# leisure battery losing charge ???



## motormouth (Jul 3, 2010)

I recently purchased a 110 amp leisure battery. My MH has been stood on drive for about a week, no EHU. I checked the charge today on the panel and it showed about a 50% discharge. I don't understand why as nothing was left on, well I don't think so anyway. Are these panels accurate ?? My panel has 4 lights, red for empty etc then 3 more showing ascending levels of water, battery charge etc.

Can anyone please advise if there is anything that draws power from the leisure battery even though everything seems to be turned off. Does the panel itself draw power??

Please don't tell me to get a voltmeter/ampmeter or any other meter etc as I would need to remove passenger seat just to test it, and anyway, I wouldn't have a clue how to use them.

Thanks for any advice, suggestions etc.


----------



## DABurleigh (May 9, 2005)

"Does the panel itself draw power?? "

Yes, unless you switched it off. Mine draws 0.2A, equating to 34Ah per week, which would be consistent with your rough-and-ready meter.

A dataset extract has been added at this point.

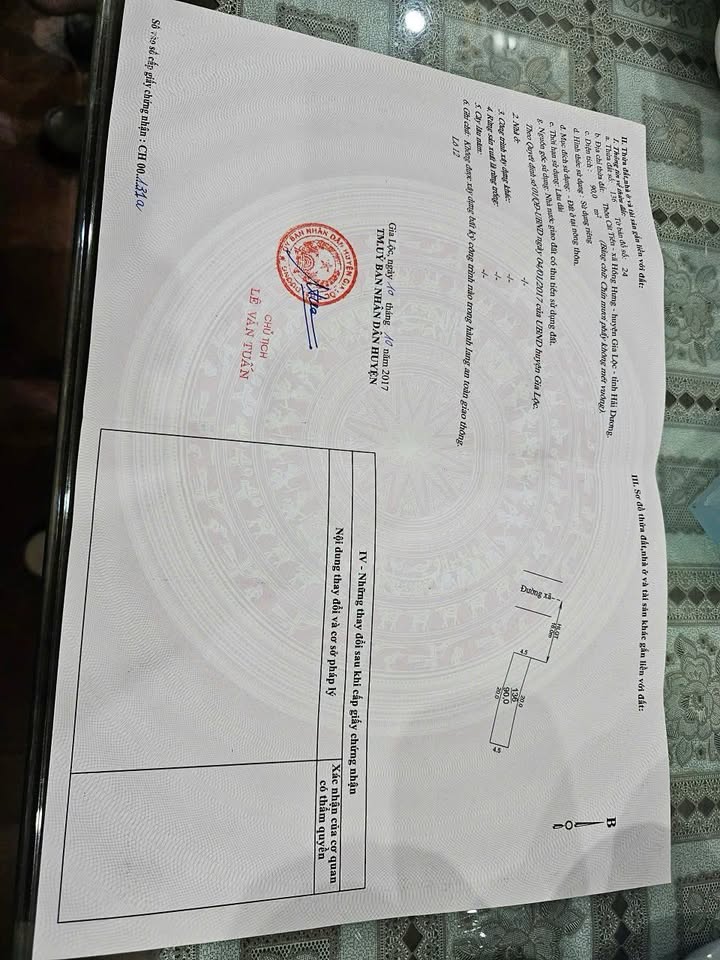 Đất mặt đường kinh doanh 191C thôn Cát Tiền, Gia Lộc 90m² - Cơ hội đầu tư sinh lời!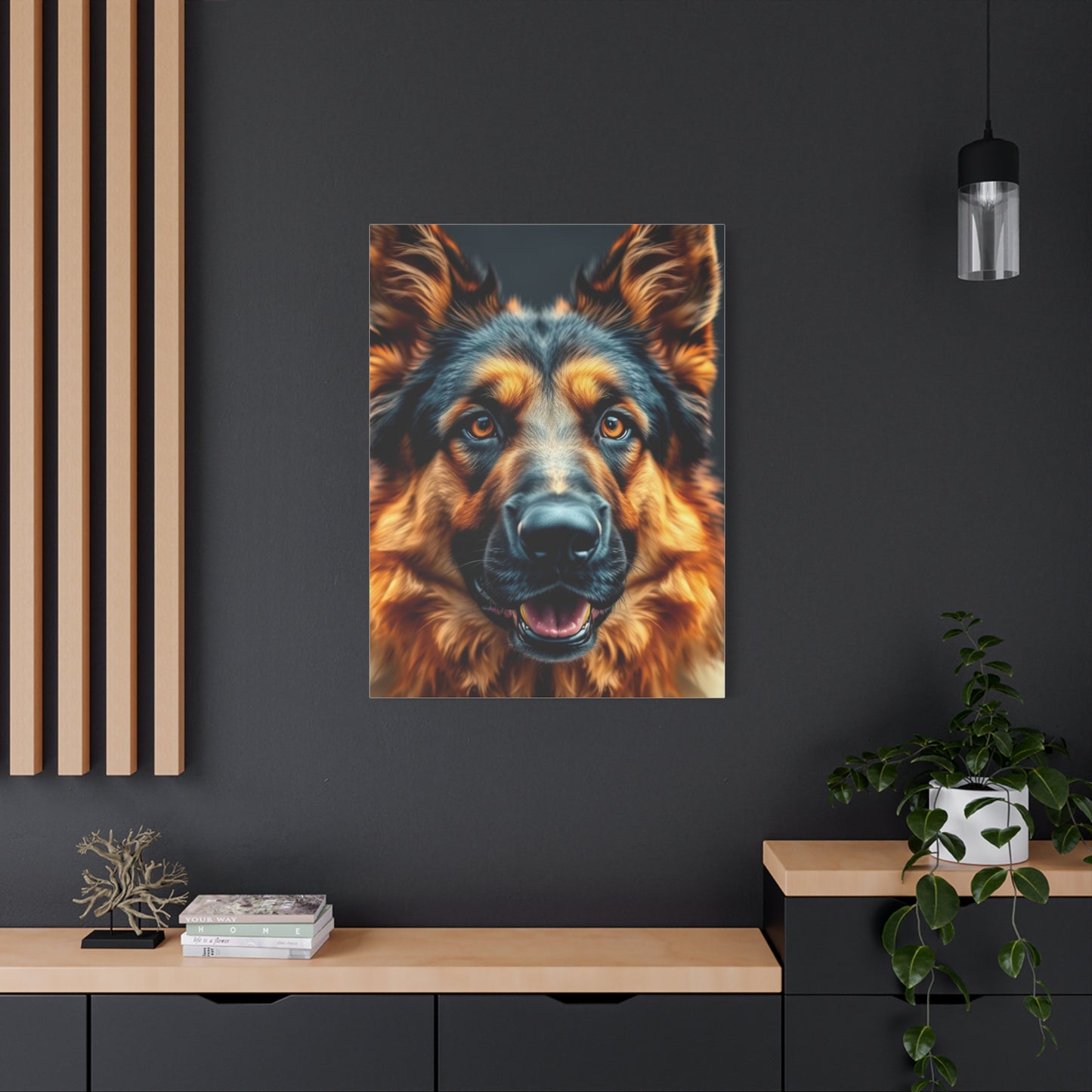 Elite German Shepherd Art Vision Wall Art & Canvas Print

Though it doesn't, because I have a solar panel, and have it on EHU in winter to keep freezing at bay.

Dave


----------



## motormouth (Jul 3, 2010)

Thanks Dave, but how do I switch panel off???

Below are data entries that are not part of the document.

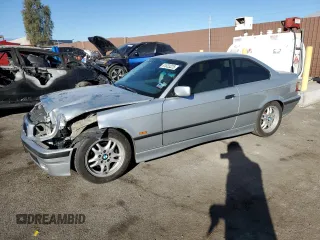 1997 BMW 3 Series 328is with VIN WBABG1329VET03924, listed as a Copart auction lot 41533225 with 96,208 mi miles and Salvage Title. Bid and sale history available at carsss.com. Image 1.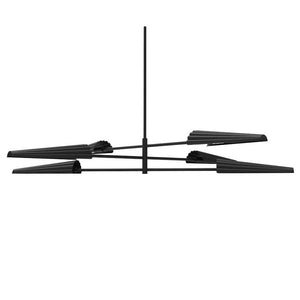 Dainolite Ltd - CSE-476C-MB - Six Light Chandelier - Cassie - Matte Black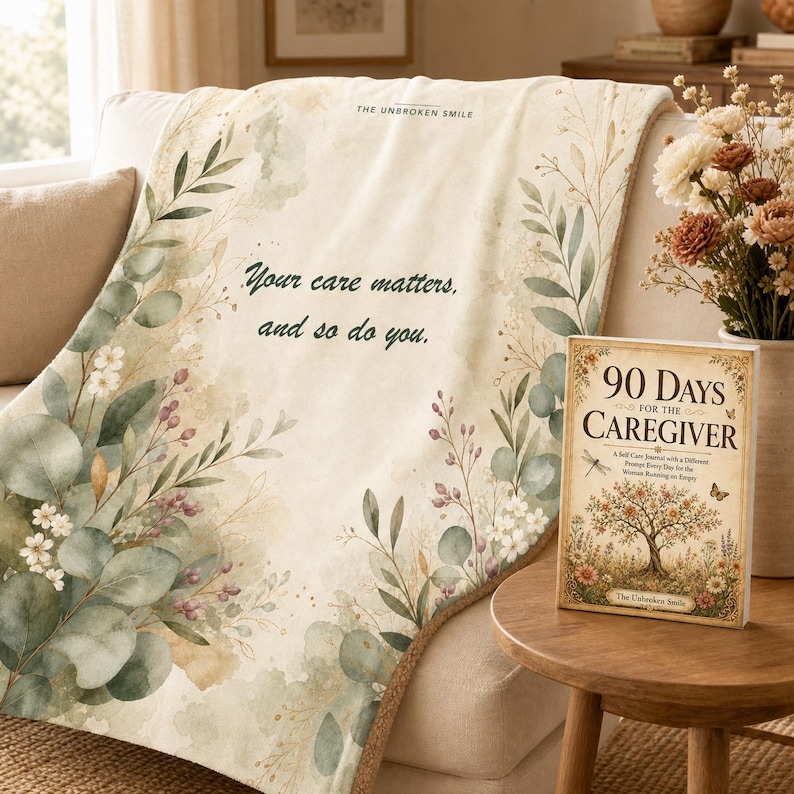 Caregiver Appreciation Blanket, Thoughtful Thank You Gift, 50×60 Sherpa Throw image 2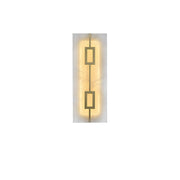 Square Alabaster Wall Lamp-DWHOME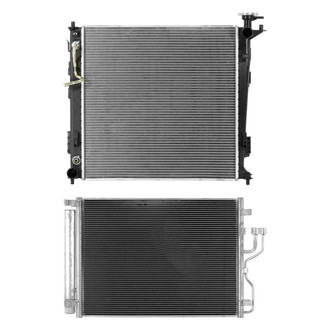 Pacific Best® - Radiator and Condenser Kit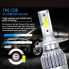 Комплект автомобильных LED ламп C6 H4 3800Lm 6000K с активным охлаждением (С6H4-AV)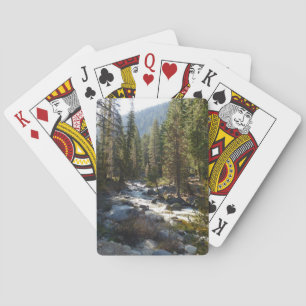 Kaweahfloden i Sequoia National Park Casinokort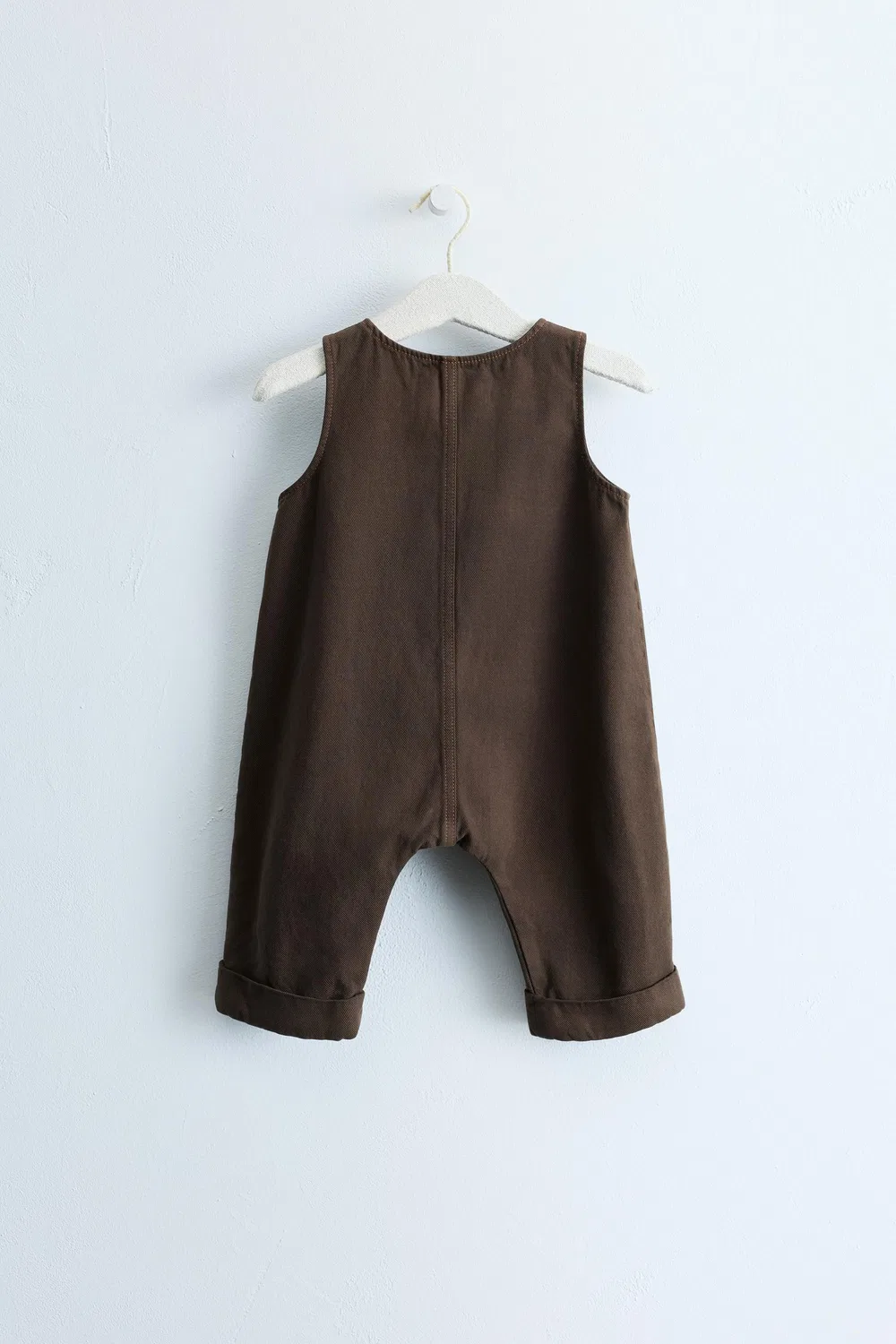 ZARA TIMELESS - Простой комбинезон из твила, Dark brown — фото 2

This may seem a really stupid question but my panel has 3 buttons, one for interior lights, one for awning light (we don't have one) and one for water pump. Is there something obvious I am missing please.


----------



## DABurleigh (May 9, 2005)

Err, probably the multimeter you refuse to use


----------



## motormouth (Jul 3, 2010)

So if I bought a multimeter, and found out how to use it, would this tell me where or what seems to be discharging the battery ??

I forgot to mention that after a 10 minute drive, the leisure battery seems to be fully charged again, well according to the panel.


----------



## DABurleigh (May 9, 2005)

Yes.


----------



## motormouth (Jul 3, 2010)

As I said, the passenger seat has to come out just to get at the terminals. But even if I did get a meter, suely that would only tell me if the battery was being discharged, not what was causing it. 
Is there no other way of checking what is drawing power?


----------



## DABurleigh (May 9, 2005)

You could switch the various 12V circuits in and out in turn and check drain. If you suspect a bad earth (drain with all circuits switched out) you can quickly substitute a new earth and recheck the drain. And so on.

Why is the seat such a barrier? Mine's off in 30 seconds - just 4 bolts and lift off.

Dave


----------



## wilse (Aug 10, 2007)

motormouth said:


> I forgot to mention that after a 10 minute drive, the leisure battery seems to be fully charged again, well according to the panel.


There is no way a 10 minute drive will put 50% charge back into your battery.

Once you get your volt meter  check the voltages 30 mins/1 hour after you switch the engine off, then check the voltage.

w


----------